Please repeat exactly the lines from the one containing "坐在海边看海景的小女孩视频的预览图" through the last line of the records below, both included, and leave out any pictures.

╭─ RECORD EXCERPTS

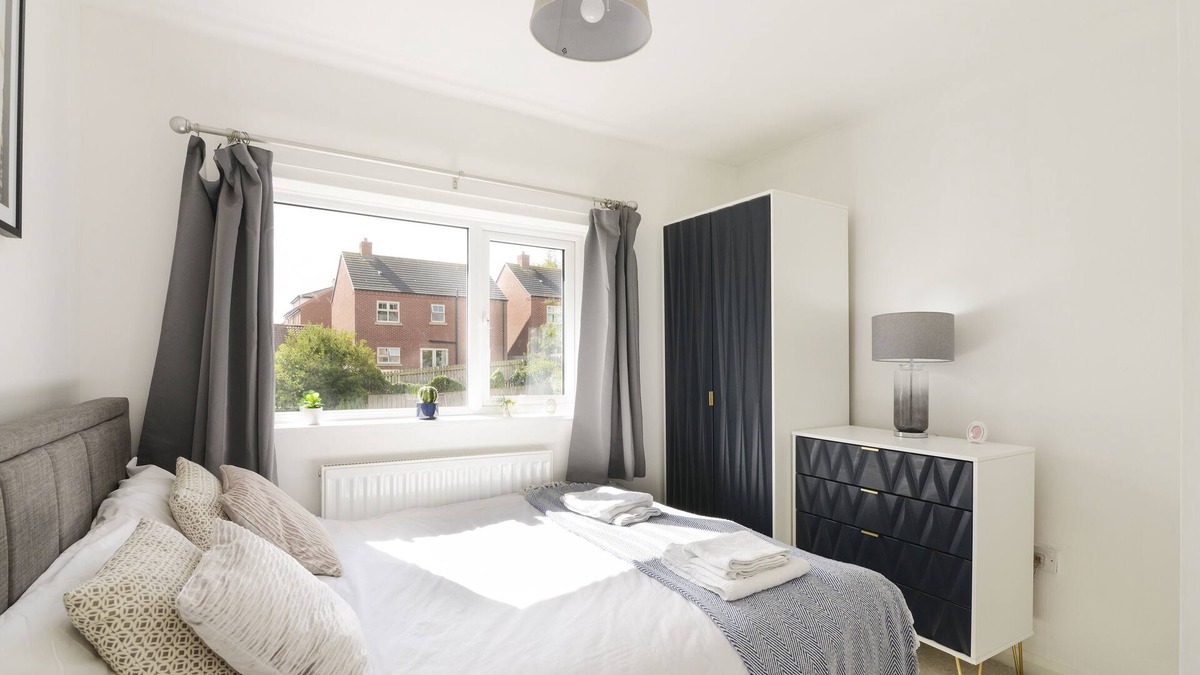 Newark upon Trent House | Alderton House - Spacious 3 Bed with Parking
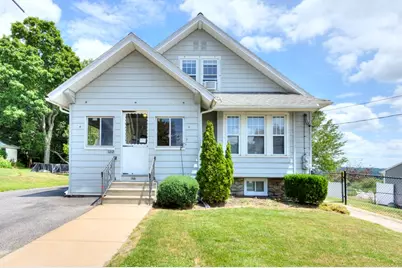 122 Brookline St, Worcester, MA 01603 - Photo 1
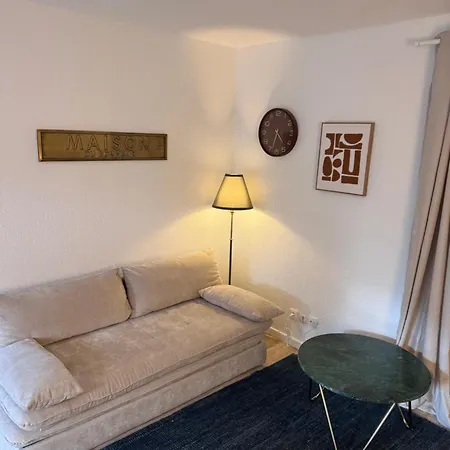 Cosy Rez De Jardin Kaligone شقة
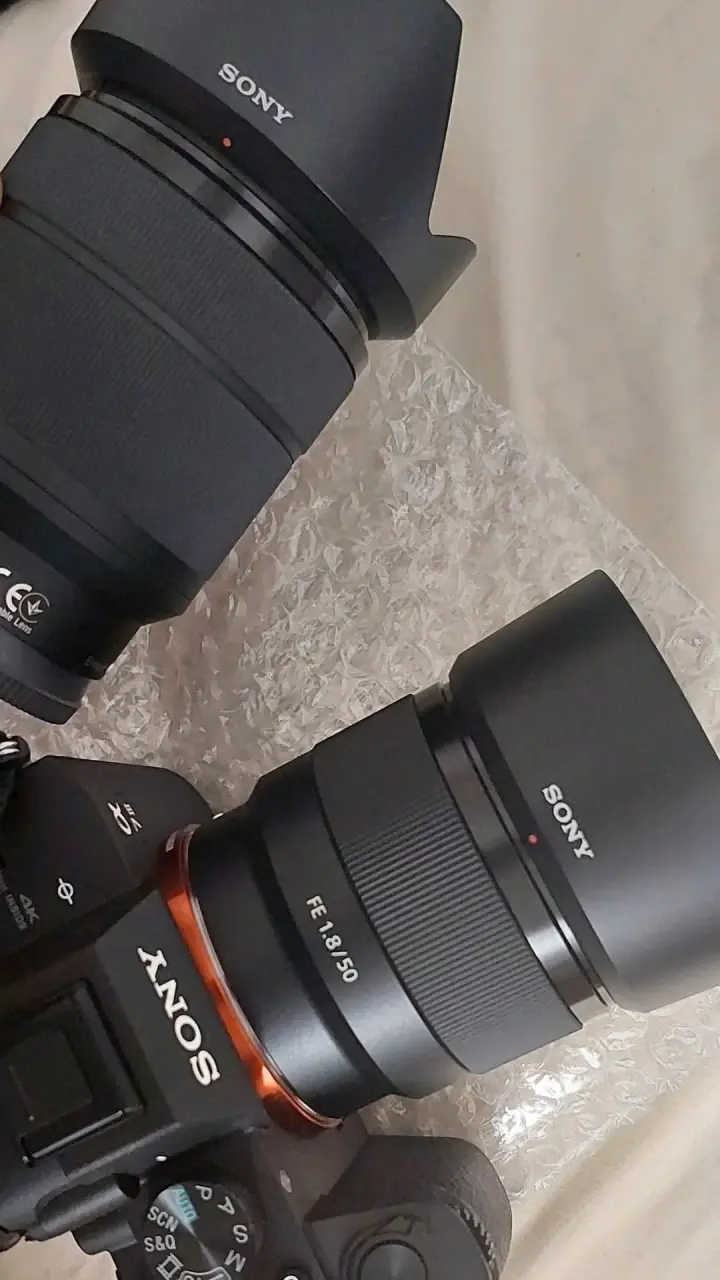 Cámara Sony A7 III con lentes incluidos + bolso - 2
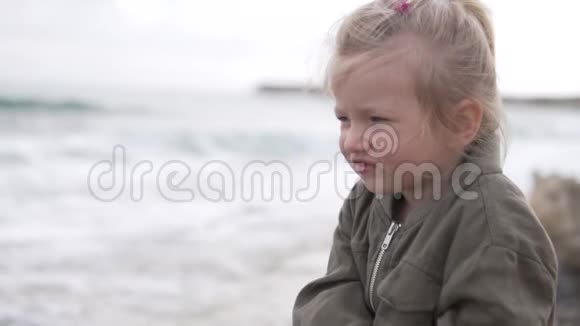 坐在海边看海景的小女孩视频的预览图
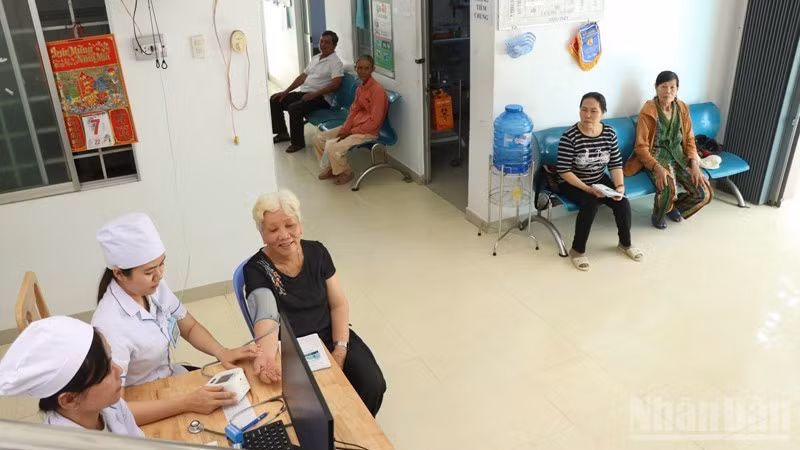 Từ đầu giờ sáng mỗi ngày, khu vực tiếp đón bệnh nhân tại Trạm y tế phường Ba Ngòi (tỉnh Khánh Hòa) đã đông người dân đến khám bệnh. (Ảnh: NGUYỄN TRUNG)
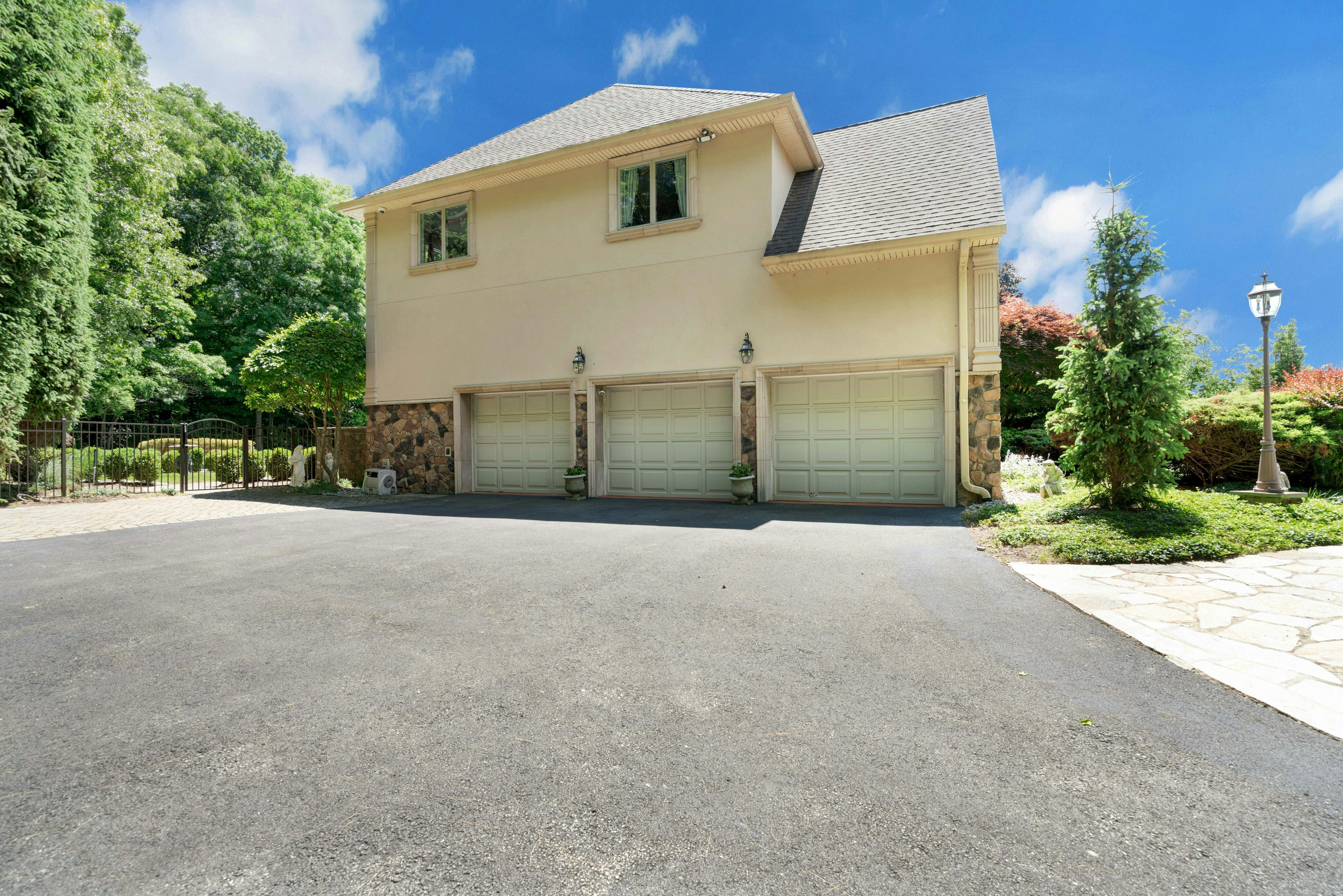 309 Skyridge Road 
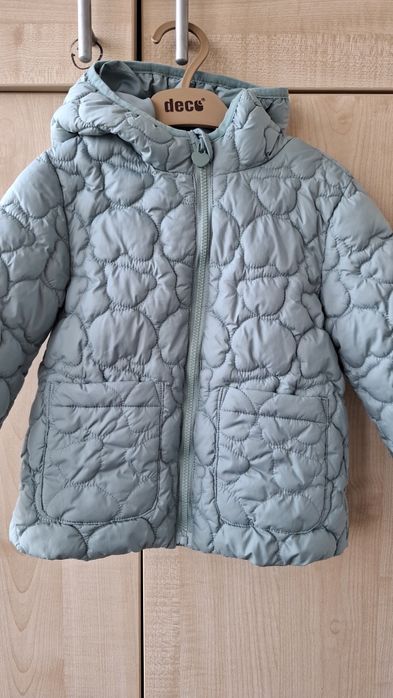 Курточка Reserved на дівчинку 86 р.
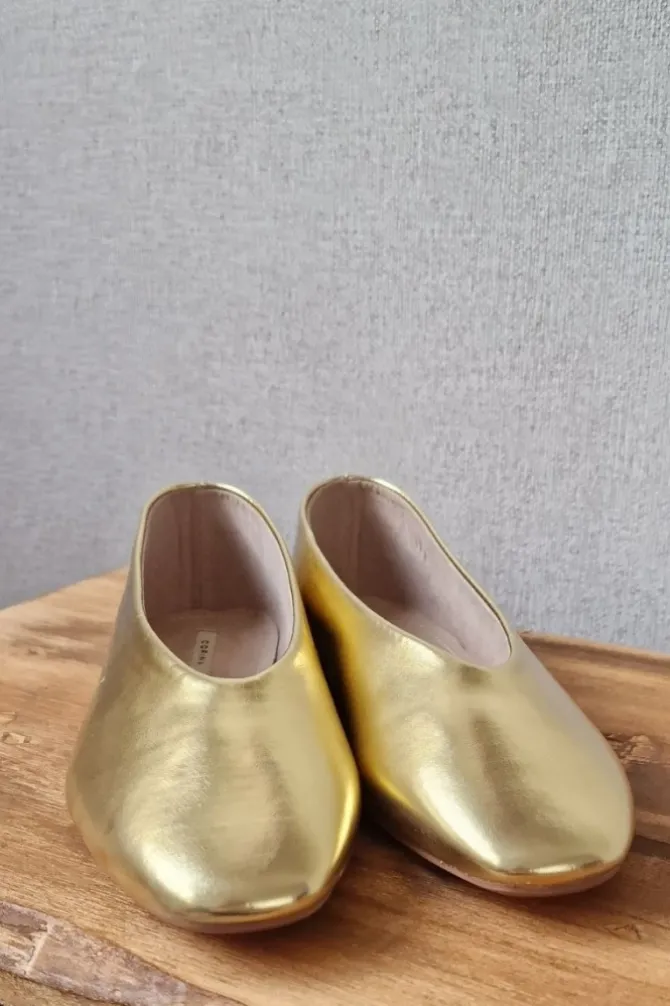 Bailarinas de mujer doradas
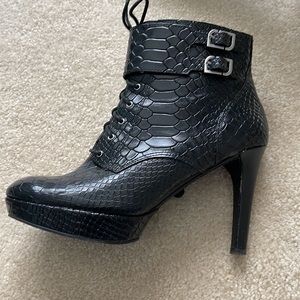 Rockport heeled bootie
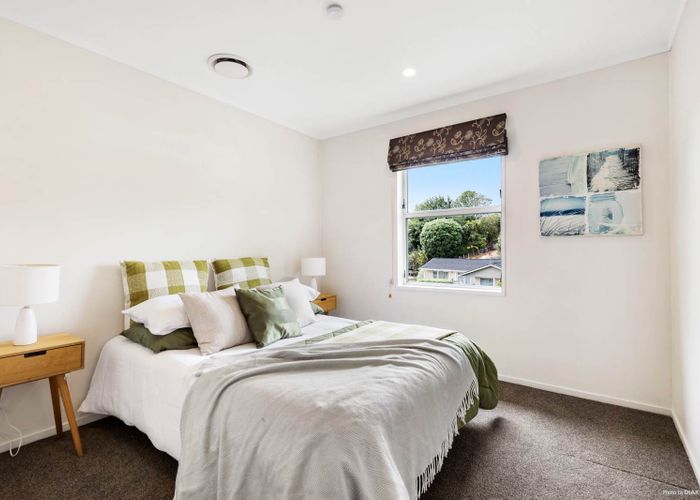  at 13 Stephen Lysnar Place, Hillsborough, Auckland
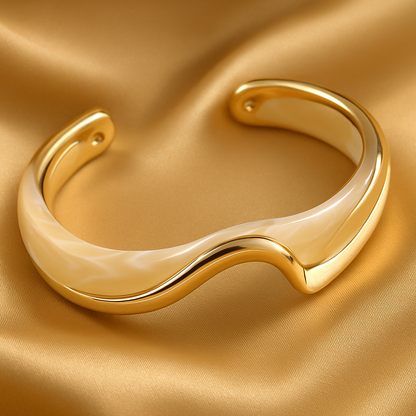 Elegantní otevřený náramek z bílého smaltu a zlata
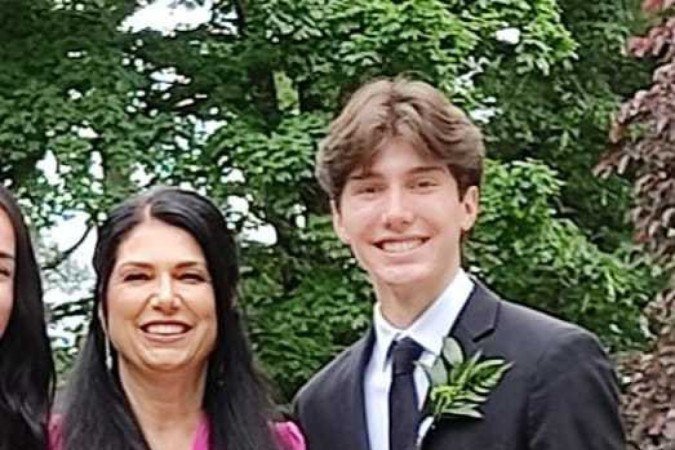 Ana Beatriz, mãe da noiva, com o filho Luca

╰─

• OUTPUT FOR THIS TASK:
 坐在海边看海景的小女孩视频的预览图
 Từ đầu giờ sáng mỗi ngày, khu vực tiếp đón bệnh nhân tại Trạm y tế phường Ba Ngòi (tỉnh Khánh Hòa) đã đông người dân đến khám bệnh. (Ảnh: NGUYỄN TRUNG)
 309 Skyridge Road 
 Курточка Reserved на дівчинку 86 р.
 Bailarinas de mujer doradas
 Rockport heeled bootie
  at 13 Stephen Lysnar Place, Hillsborough, Auckland
 Elegantní otevřený náramek z bílého smaltu a zlata
 Ana Beatriz, mãe da noiva, com o filho Luca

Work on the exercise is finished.